Gee is a contractor with a franchise business primarily focused on outdoor living spaces. Decks, porches, sunrooms, pergolas, trellises, gazebos are his forte`. The parent company is the source of the engineering and architectural documents  by which permits are pulled and projects constructed. 
It works well.

Daniel Web Designer is this regions associate for a Virginia based company which specializes in websites for construction  and construction related businesses. Gee shared a story of one franchisee who was failing.  Daniel and company did a website for this franchisee to supplement the national website. A local focus of SEO ans SEM.


 In a month the franchisee had to call Daniel and ask him to dial it back a bit as he had way more contact than desired. A bit of fine tuning and now  the former failing franchisee is a top dog. 

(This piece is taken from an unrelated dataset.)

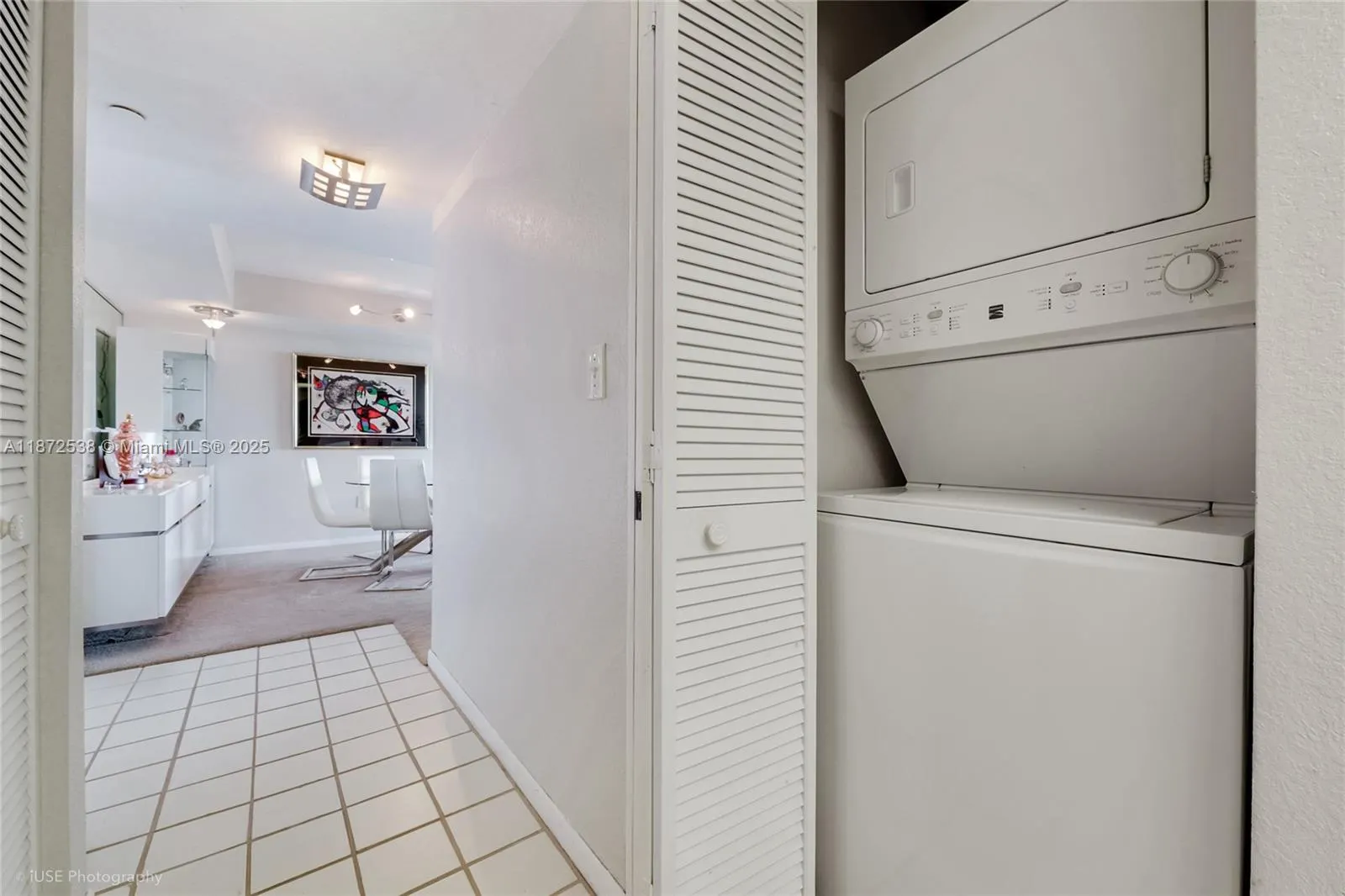 600 Biltmore Way, #1218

I reviewed many websites designed by DWD before filling in the online contact information. In a day or two Daniel responded with a one line query, 
" What is your budget?"
Hmmmmm. I responded with this question,
" Would it be possible to set an appointment to review your services and the concurrent costs?"
" You mean like a face to face?"
" Yes "
" We could. But why? All the data you need is on our website with a sign up page"
" I like to meet the people I hope to trust with my business".
" Is this necessary?"
" No. Thank you for your time".
" Did you just blow me off ?"
" Declined your offer? Yes."
" What's that about?"
" Communications."

A week went by then I received an e-mail from Daniel,
" Hey Fishy! I think I am going to be in town this week, you want to meet somewhere?"
" Okay" 
" How about Tuesday at 9am, my office?"
" Okay"
Later that same day I received this e-mail,
" Fishy, if your only day to meet is Tuesday it will have to be at 1pm @ WebNerds"
Wow, did he want a business meeting or a free lunch?


  I went. He was late and called to tell me his order and would I have it on the table for him when he arrived?  Really?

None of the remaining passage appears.